Who are creative professionals? Artists, writers, musicians, producers, directors, performers, designers, and others with similar job descriptions are among the most obvious answers. In fact, the list is longer, as creative professions embrace not only those who develop ideas and products, but also those who market, analyze, and improve upon them.

Dictionary definitions provide little more than synonyms, suggesting that creative people “produce something through imaginative skill.” Psychologist Teresa Amabile judges a work to be creative if it is both novel and an appropriate, useful, correct or valuable response to a task that requires a degree of discovery or learning.” That definition roughly parallels Laurie Anderson’s brilliant summation, “Writing about music is like dancing about architecture.”

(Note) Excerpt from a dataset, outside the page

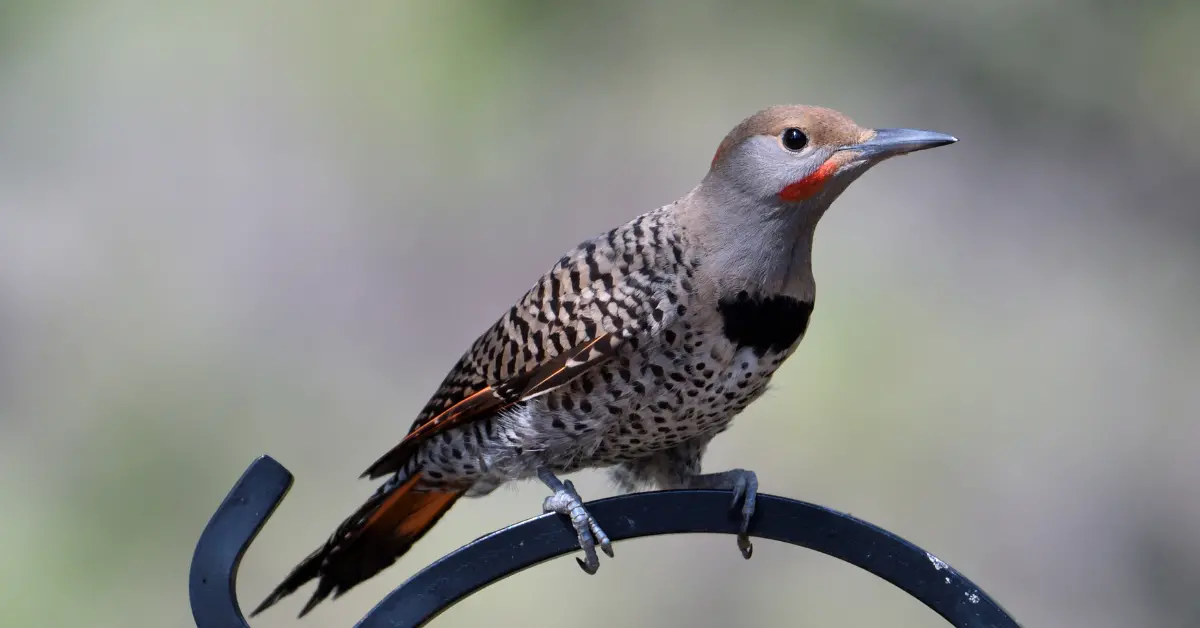 A male flicker on a metal fence.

A closer look at the habits, styles and attributes typically associated with creative professionals at work may mirror your own way of working.

1. Intense Focus
The best creative work demands an extreme amount of attention paid without regard to time, relationships or other real-life priorities. Quoting Edison: “Godlike genius! Godlike nothing! Sticking to it is the genius!”

2. Self-Motivation
Creative professionals make a project their own. Money is rarely the primary driver. More often, the primary drivers are personal adventure or challenge, the opportunity to collaborate, the opportunity for reinvention or rejuvenation, and/or satisfaction.

3. A Sense of Humor
Most creative work is fun, or ought to be. Humor may be lighthearted, but it is often dark, cynical or razor-sharp. If a creative workplace lacks laughter, something is fundamentally wrong.

4. Taking Breaks
In one office, this materialized as a daily nap break for the writing staff. Breaks relieve the pressure and allow ideas to simmer on a back burner.

5. A Need for Feedback
Creative work benefits from early input from others, and from peer review. Feedback late in the process is not as productive or useful.

6. Passionate Self-Confidence
Most creative professionals are driven by a clear understanding of their own capabilities and value. Nevertheless, we all dip into the stereotype from time to time, becoming fearful, insecure, and overwhelmed. Once the curtain goes up, stage fright vanishes—or we don’t remain creative professionals for long.

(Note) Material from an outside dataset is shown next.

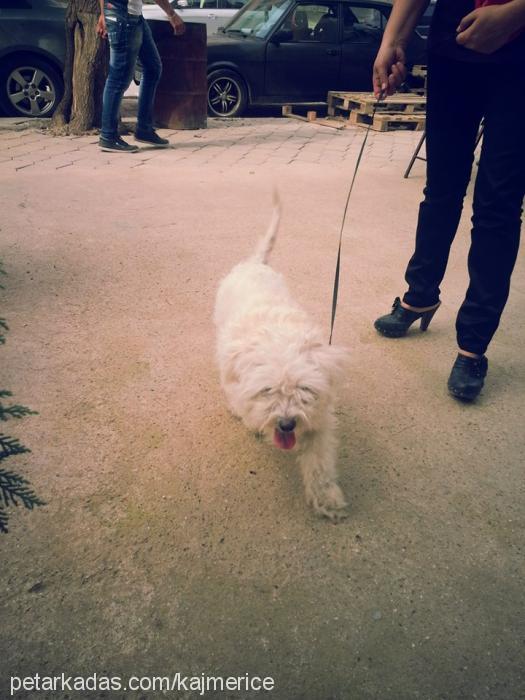 petek Dişi Bichon Havanese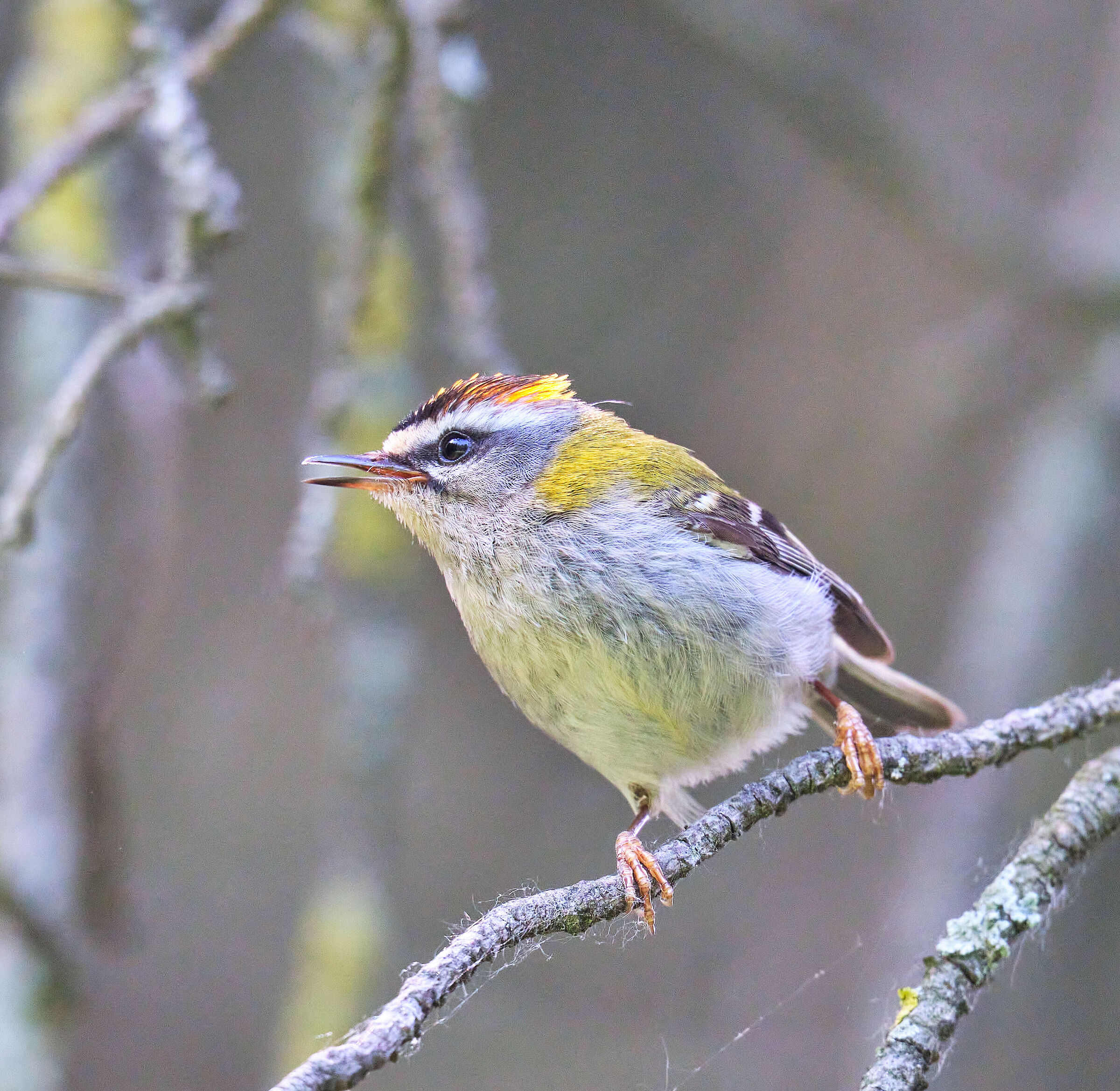 Firecrest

7. A Highly Personal Sense of Time
Creative people may perceive time differently. When a project is in active production, hours pass quickly; days and nights may blend, and sleep may be scarce. Work may be done at odd hours; tasks planned for hours may require days. Ideas may require decades to move from concept to completion.

8. Individuality
Among the endless manifestations: odd choice of clothes, hair styles, hair colors, word choices, perceptions of the world, places to go on vacation, ways of decorating a work space. We may be colorful just for fun, or monochromatic for the same reason. Or, we may have reasons that you really don’t want to know….

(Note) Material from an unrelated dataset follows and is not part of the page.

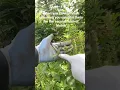 Lagu You can trim your salvias for the second flush of blooms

9. A View of Society Based on Merit and Quality of Contribution, not Power or Authority
From a creative perspective, the ones who do good work are the ones who deserve praise and recognition. Those who ascend without superior talent or better-than-average output are regarded with suspicion. Creative people think about power as the ability to garner resources to do good work; they tend not to relate to power over people for its own sake. Similarly, those in authority over creative professionals should approach governance with enlightened outlook, or serve a rabbinical role as guide or teacher. Authority figures who serve in power positions without these attributes are often vilified or ignored by creative people. Richard Florida wrote, “Casual dress gradually crept in partly for the simple reason that it’s more comfortable, but also because creative work came to be more highly valued in our economy. No longer did status accrue from being an officer, or at lower ranks, a good soldier. It is accrued from being a member of the creative elite—and creative people don’t wear uniforms….They dress as they please.”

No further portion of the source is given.